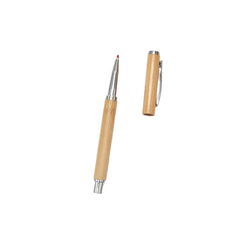 Bamboo Pen + Black Gift Box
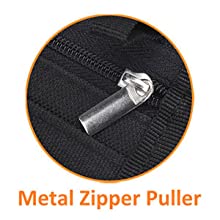 nurse waist pack waterproof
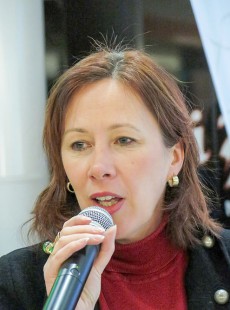 Sirpa Paatero Sirpa Paatero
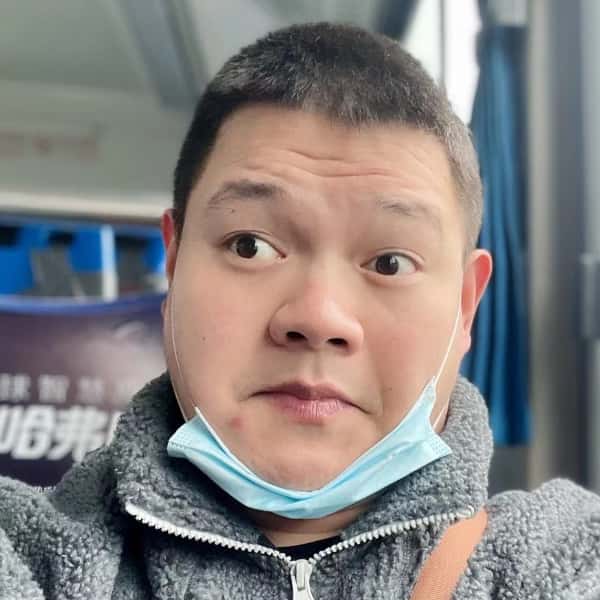 银川征婚相亲网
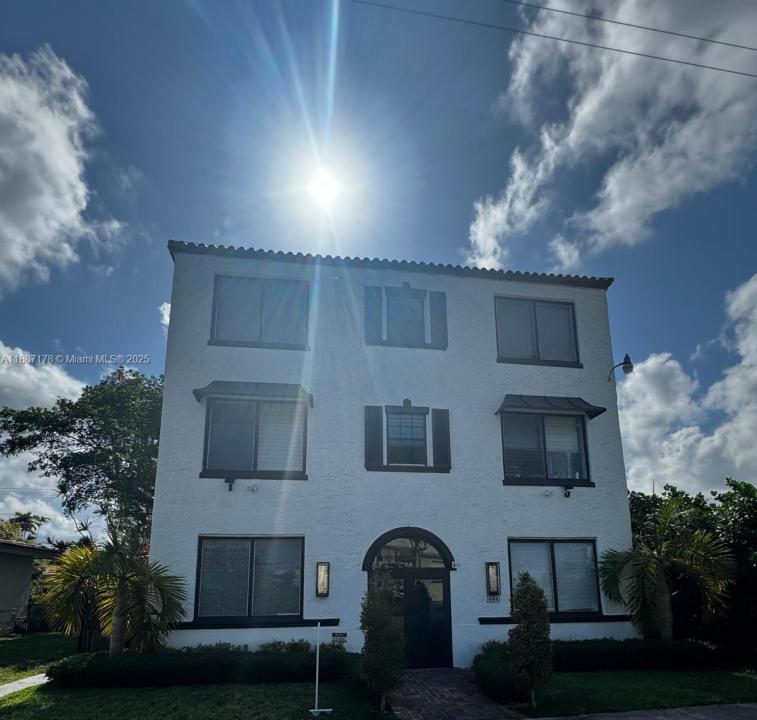 444 Ponce De Leon Blvd, Coral Gables, Floryda 33134, USA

Exercise goal
If you see a picture in the listing, skip it while copying everything else exactly.

Result of this exercise
 Bamboo Pen + Black Gift Box
 nurse waist pack waterproof
 Sirpa Paatero Sirpa Paatero
 银川征婚相亲网
 444 Ponce De Leon Blvd, Coral Gables, Floryda 33134, USA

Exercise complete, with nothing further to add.